Additionally, the Smyth Road Elementary School library was renamed the Bill Binnie Media Center.

Although a moderate Republican, Binnie and his wife have made political contributions to a variety of political causes and candidates. During his time as Chairman of the Finance Committee for the New Hampshire Republican State Committee, Binnie contributed tens of thousands of dollars to the state party. However, the frequency of his donations to Democratic candidates in the past drew criticisms from conservative groups during his candidacy in the 2010 Republican primary for the U.S. Senate.

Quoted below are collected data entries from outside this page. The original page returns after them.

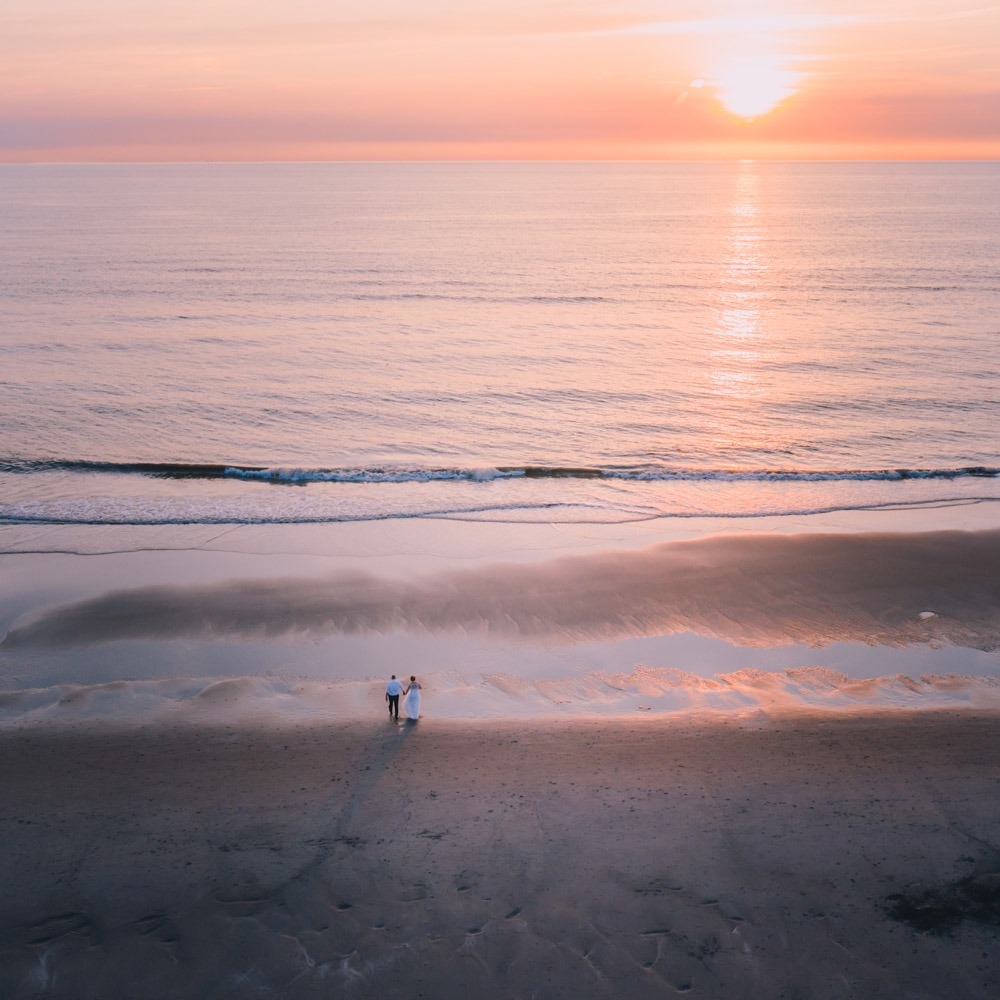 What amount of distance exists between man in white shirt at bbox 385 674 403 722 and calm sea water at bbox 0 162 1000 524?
11179 mm

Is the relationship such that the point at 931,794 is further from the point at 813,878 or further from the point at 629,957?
the point at 629,957

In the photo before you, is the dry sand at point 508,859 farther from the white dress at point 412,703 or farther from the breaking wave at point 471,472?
the breaking wave at point 471,472

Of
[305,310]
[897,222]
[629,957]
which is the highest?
[897,222]

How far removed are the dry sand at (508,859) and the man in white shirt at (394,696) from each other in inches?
17.3

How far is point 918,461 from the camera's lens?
2944 cm

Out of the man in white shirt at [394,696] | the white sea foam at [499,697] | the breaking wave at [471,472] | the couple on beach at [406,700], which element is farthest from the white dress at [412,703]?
the breaking wave at [471,472]

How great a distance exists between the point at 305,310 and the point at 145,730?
43.0 m

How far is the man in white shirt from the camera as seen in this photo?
14.5 metres

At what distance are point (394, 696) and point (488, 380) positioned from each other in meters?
26.8

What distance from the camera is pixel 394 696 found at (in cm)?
1452

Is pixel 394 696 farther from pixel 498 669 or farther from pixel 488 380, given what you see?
pixel 488 380

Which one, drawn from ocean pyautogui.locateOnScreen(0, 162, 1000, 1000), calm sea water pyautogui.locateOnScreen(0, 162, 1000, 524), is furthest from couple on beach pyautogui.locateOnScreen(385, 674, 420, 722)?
calm sea water pyautogui.locateOnScreen(0, 162, 1000, 524)

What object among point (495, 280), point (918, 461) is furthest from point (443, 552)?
point (495, 280)

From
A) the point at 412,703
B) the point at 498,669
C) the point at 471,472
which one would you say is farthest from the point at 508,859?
the point at 471,472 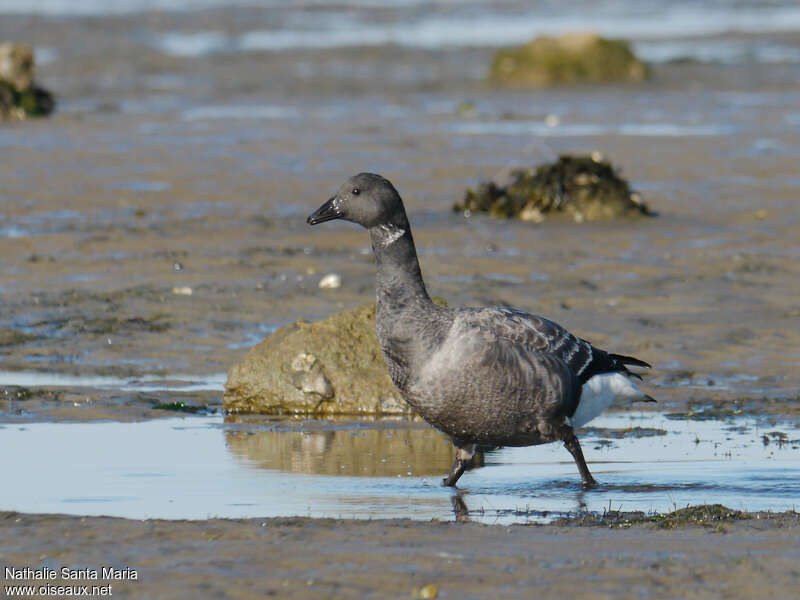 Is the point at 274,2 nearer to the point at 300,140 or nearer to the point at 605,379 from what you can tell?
the point at 300,140

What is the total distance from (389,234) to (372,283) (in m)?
6.38

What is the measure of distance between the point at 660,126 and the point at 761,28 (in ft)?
91.9

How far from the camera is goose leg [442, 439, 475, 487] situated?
890 centimetres

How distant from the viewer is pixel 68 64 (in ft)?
135

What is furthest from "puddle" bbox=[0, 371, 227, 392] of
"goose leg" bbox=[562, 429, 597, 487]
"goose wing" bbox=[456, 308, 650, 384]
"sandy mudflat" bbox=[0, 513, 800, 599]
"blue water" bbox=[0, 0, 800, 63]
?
"blue water" bbox=[0, 0, 800, 63]

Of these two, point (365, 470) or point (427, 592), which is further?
point (365, 470)

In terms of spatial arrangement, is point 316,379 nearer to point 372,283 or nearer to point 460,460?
point 460,460

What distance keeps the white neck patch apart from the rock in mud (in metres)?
2.28

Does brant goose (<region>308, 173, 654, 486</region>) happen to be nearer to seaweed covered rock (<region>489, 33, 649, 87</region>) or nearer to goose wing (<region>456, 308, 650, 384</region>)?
goose wing (<region>456, 308, 650, 384</region>)

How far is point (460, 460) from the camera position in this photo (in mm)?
8945

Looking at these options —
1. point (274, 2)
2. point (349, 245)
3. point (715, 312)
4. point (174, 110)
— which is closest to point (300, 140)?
point (174, 110)

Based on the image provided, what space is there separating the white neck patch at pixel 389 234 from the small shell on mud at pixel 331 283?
246 inches

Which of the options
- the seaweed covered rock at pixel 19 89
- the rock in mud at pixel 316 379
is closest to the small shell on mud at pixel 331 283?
the rock in mud at pixel 316 379

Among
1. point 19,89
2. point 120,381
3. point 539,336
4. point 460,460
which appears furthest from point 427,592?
point 19,89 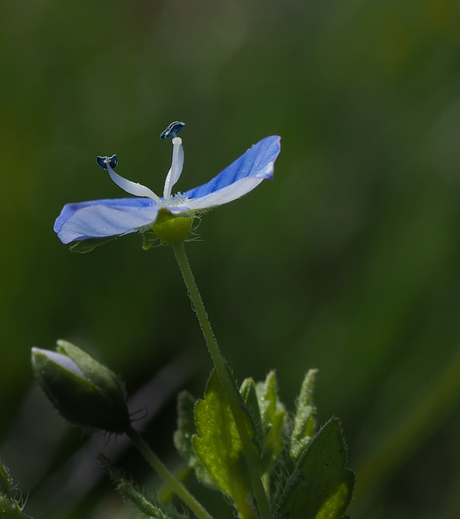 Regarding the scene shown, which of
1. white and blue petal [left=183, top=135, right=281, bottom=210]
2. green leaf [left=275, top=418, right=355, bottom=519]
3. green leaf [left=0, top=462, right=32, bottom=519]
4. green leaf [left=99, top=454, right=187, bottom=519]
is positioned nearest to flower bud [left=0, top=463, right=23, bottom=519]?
green leaf [left=0, top=462, right=32, bottom=519]

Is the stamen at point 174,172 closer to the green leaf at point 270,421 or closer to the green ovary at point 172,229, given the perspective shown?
the green ovary at point 172,229

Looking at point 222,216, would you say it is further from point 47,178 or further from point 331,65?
point 331,65

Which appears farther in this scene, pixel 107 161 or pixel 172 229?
pixel 107 161

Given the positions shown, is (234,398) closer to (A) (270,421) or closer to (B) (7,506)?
(A) (270,421)

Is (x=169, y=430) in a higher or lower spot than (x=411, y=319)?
higher

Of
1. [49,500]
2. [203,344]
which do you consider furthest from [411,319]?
[49,500]

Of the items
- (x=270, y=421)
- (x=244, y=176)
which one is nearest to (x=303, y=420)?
(x=270, y=421) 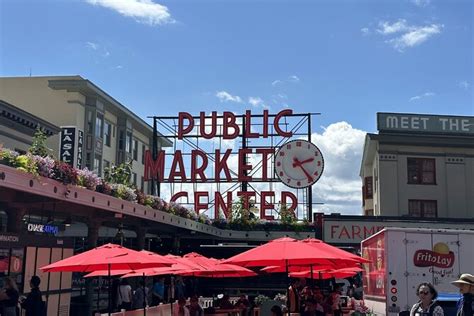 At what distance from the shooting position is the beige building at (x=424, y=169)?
→ 35.7 metres

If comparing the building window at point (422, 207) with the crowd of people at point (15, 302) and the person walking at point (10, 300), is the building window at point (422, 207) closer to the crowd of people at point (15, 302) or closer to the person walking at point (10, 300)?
the crowd of people at point (15, 302)

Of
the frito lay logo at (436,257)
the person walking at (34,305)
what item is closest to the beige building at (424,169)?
the frito lay logo at (436,257)

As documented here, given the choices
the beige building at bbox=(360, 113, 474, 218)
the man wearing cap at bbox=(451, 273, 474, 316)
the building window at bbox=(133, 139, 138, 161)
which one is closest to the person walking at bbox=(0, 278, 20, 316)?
the man wearing cap at bbox=(451, 273, 474, 316)

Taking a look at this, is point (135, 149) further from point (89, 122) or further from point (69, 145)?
point (69, 145)

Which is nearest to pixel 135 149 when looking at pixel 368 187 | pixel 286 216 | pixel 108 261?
pixel 368 187

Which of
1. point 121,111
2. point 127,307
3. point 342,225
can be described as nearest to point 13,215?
point 127,307

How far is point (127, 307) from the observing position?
1717 centimetres

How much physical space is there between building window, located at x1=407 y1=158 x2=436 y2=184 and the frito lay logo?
23464 millimetres

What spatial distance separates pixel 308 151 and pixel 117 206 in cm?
2011

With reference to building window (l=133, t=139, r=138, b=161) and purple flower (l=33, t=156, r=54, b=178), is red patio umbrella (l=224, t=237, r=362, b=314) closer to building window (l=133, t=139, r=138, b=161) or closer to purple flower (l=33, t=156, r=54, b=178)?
purple flower (l=33, t=156, r=54, b=178)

==Candidacy for United States Senate==
Binnie ran for the Republican nomination in the United States Senate election in New Hampshire, 2010. The primary was held on September 14, 2010. Binnie ran for the Republican nomination against Hollis businessman Jim Bender, former State Board of Education chair Ovide Lamontagne, and former state Attorney General Kelly Ayotte, who won the primary contest and went on to win the election.

Binnie had announced his candidacy in November 2009, stating that his political beliefs were modeled after the former president Ronald Reagan's vision of a limited government that fostered economic growth. Individuals working on his campaign included Republican consultant Arthur J. Finkelstein, based in New York, former NHGOP executive director Paul Collins, and Sheri M. Keniston, formerly a congressional staffer for John E. Sununu.

During the campaign, Binnie faced criticism from multiple news organizations and opponents for closing A&E Plastics in Santa Ana, California, laying off 450 American workers and then transferring production seven miles away in Tijuana, Mexico.

During the 2010 Senate run Binnie claimed his pro-choice view on abortion attracted death threats from radical anti-abortion terrorists, both against Binnie himself and against his elderly father of the same name, but local police said they were not investigating any death threats, according to the Concord Monitor. Other acts against Binnie and his family included vandalism of his daughter's car, which she blamed on a police officer, and threatening and harassing phone calls and postal mail.

In December 2021, Binnie confirmed that he is "actively considering running for U.S. Senate" again.